NF-kappaB activation upon interaction of HIV-1 envelope glycoproteins with cell surface CD4 involves IkappaB kinases.

Human immunodeficiency virus type-1 envelope glycoprotein (gp120(env)) binding to cell surface CD4 receptor triggers a broad range of intracellular effects leading to T cell activation and cell cycle entry. Among these effects we and others previously reported on the nuclear translocation of the nuclear factor-kappaB (NF-kappaB) transcription factor. The present work further investigates the signal transduction pathways involved in gp120(env)-induced NF-kappaB activation.
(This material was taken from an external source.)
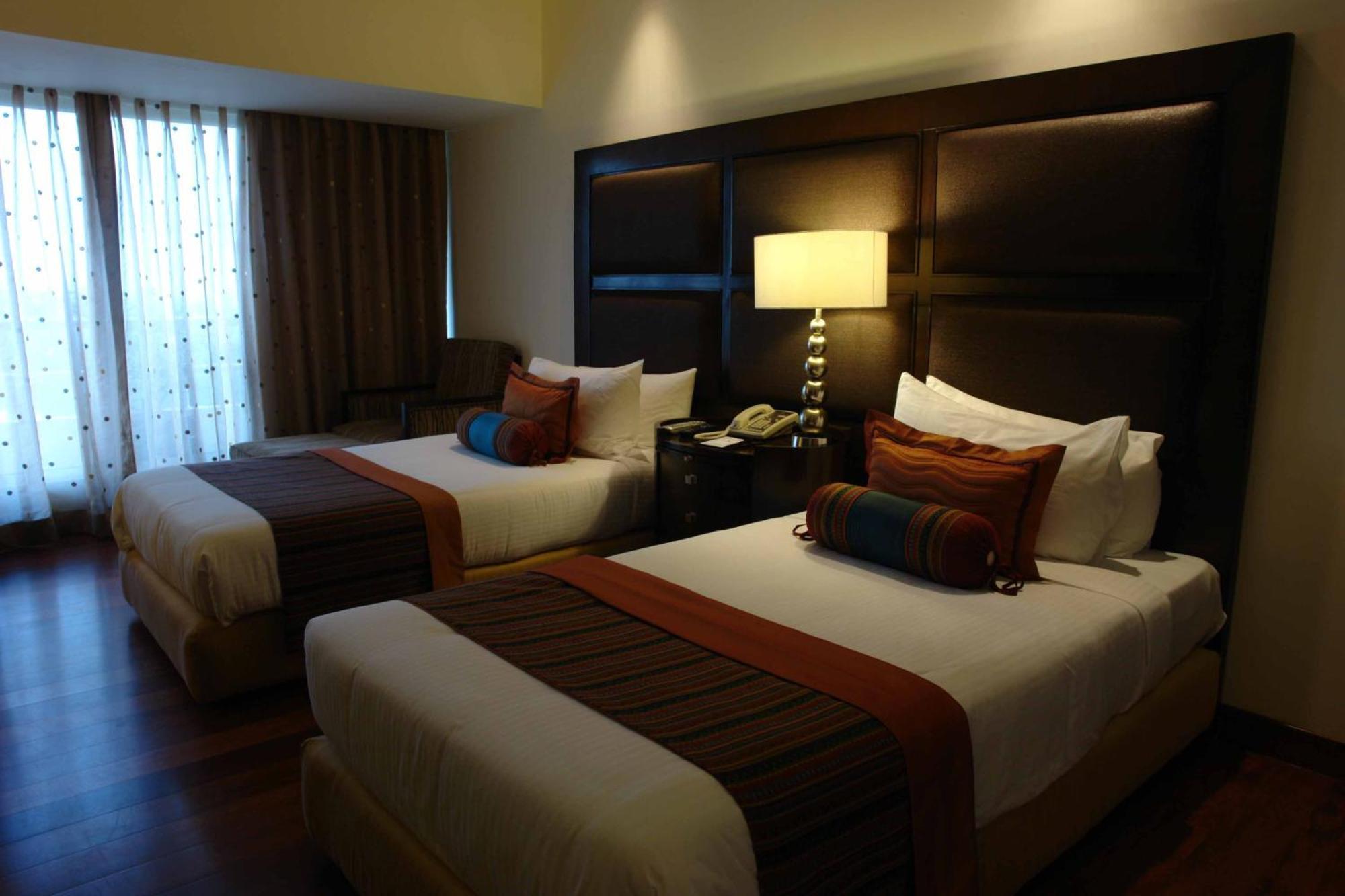 Deluxe Twin Room on Food Beverage Spa on Laundry service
We demonstrate that gp120(env)-CD4 interaction stimulates the hyperphosphorylation of IkappaB-alpha inhibitory protein. Conversely, overexpression of a dominant-negative IkappaB-alpha transgene mutated at S32 and S36 residues, abolishes gp120(env)-induced NF-kappaB activation. IkappaB kinases (IKKs) activity was found to be selectively enhanced following CD4 engagement with gp120(env) and to mediate the phosphorylation of IkappaB-alpha while co-transfection experiments using dominant-negative forms of IKKs inhibited gp120(env)-induced NF-kappaB activation. Taken together, these results confirm that IKKs complex play a key role in gp120(env)-induced NF-kappaB activation.